MORTGAGE INTEREST RATES TODAY: DECEMBER 26, 2025
Mortgage rates are showing minor fluctuations, clinging to stability as reported by Freddie Mac. The current national average for a 30-year fixed mortgage stands at 6.18%, a slight shift from last year’s average of 6.85%. Meanwhile, the 15-year fixed rate has been adjusted to 5.50%, down from the previous year’s 6.00%.
CURRENT MORTGAGE RATES
Referring to the latest Zillow data, here are the current mortgage rates:
- 30-year fixed: 6.10%
- 20-year fixed: 6.00%
- 15-year fixed: 5.52%
- 5/1 ARM: 6.26%
- 7/1 ARM: 6.26%
- 30-year VA: 5.62%
- 15-year VA: 5.31%
- 5/1 VA: 5.25%
These figures indicate national averages that have been rounded to the nearest hundredth.
CURRENT MORTGAGE REFINANCE RATES
Looking at today’s mortgage refinance rates based on the most recent Zillow update:
- 30-year fixed: 6.25%
- 20-year fixed: 5.92%
- 15-year fixed: 5.69%
- 5/1 ARM: 6.44%
- 7/1 ARM: 6.43%
- 30-year VA: 5.55%
- 15-year VA: 5.37%
- 5/1 VA: 5.50%
As with mortgage rates, these are rounded national averages, reflecting the refinancing landscape which can be more complex than standard purchase rates.
MORTGAGE INTEREST RATE MECHANICS
Understanding mortgage interest rates is crucial as they reflect the cost of borrowing funds from a lender, expressed as a percentage. Borrowers can select between two primary types of rates: fixed or adjustable. A fixed-rate mortgage secures the agreed rate throughout the entire loan duration. For instance, a 30-year loan at a fixed rate of 6% remains unchanged for 30 years unless the borrower opts to refinance or sell.
Conversely, an adjustable-rate mortgage (ARM) features a predetermined rate for an introductory period, which then adjusts periodically. An example might be a 7/1 ARM at a beginning rate of 6%, which holds for the first seven years before resetting annually for the remaining 23 years. The fluctuation of rates post-introductory period relies on various economic factors.
CHOOSING THE RIGHT MORTGAGE TERM
A 30-year fixed mortgage is often favored for its lower monthly payment and the predictability it provides. However, it generally incurs a higher interest cost over the life of the loan. In contrast, a 15-year fixed mortgage enables quicker payoff and reduced interest expenses, yet necessitates higher monthly payments. Borrowers must evaluate their financial capacity to handle these payments.
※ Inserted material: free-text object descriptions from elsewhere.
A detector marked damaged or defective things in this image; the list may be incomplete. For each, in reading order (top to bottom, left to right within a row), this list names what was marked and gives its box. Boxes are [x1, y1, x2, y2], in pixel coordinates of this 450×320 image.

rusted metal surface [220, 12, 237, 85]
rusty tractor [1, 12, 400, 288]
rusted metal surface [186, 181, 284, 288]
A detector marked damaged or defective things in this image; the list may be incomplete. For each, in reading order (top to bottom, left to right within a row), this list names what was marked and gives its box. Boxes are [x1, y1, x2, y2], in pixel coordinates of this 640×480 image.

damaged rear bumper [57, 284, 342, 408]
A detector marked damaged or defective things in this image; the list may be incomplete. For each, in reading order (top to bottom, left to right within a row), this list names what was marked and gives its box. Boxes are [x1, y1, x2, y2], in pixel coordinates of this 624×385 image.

Adjustable-rate mortgages can be attractive for buyers planning for shorter-term stays, given that these usually start lower than fixed rates. Despite this, rates for 5/1 and 7/1 ARMs have recently crept up, occasionally matching or exceeding standard 30-year fixed rates.
OUTLOOK ON MORTGAGE RATES
The trajectory for mortgage rates has generally shown a decline since late May, presently remaining lower than the same period in the previous year. Analysts are predicting that no significant downturns in mortgage rates are expected through the end of 2026, despite recent cuts to the federal funds rate—rates have been notably stagnant since mid-October.
MORTGAGE RATE FAQs
In the current week, the national average for 30-year mortgages slipped slightly to 6.21%, while the average for 15-year mortgages dropped to 5.47%. Predictions for 2026 suggest that the average 30-year mortgage may hover around 6.4%, with slight dips projected for late 2026. Economists indicate that 2027 is unlikely to see significant changes, maintaining averages near 6.3% to 6.4%.
Revisiting refinancing options before the end of 2025 could prove worthwhile for homeowners, considering the current rate environment and lending conditions.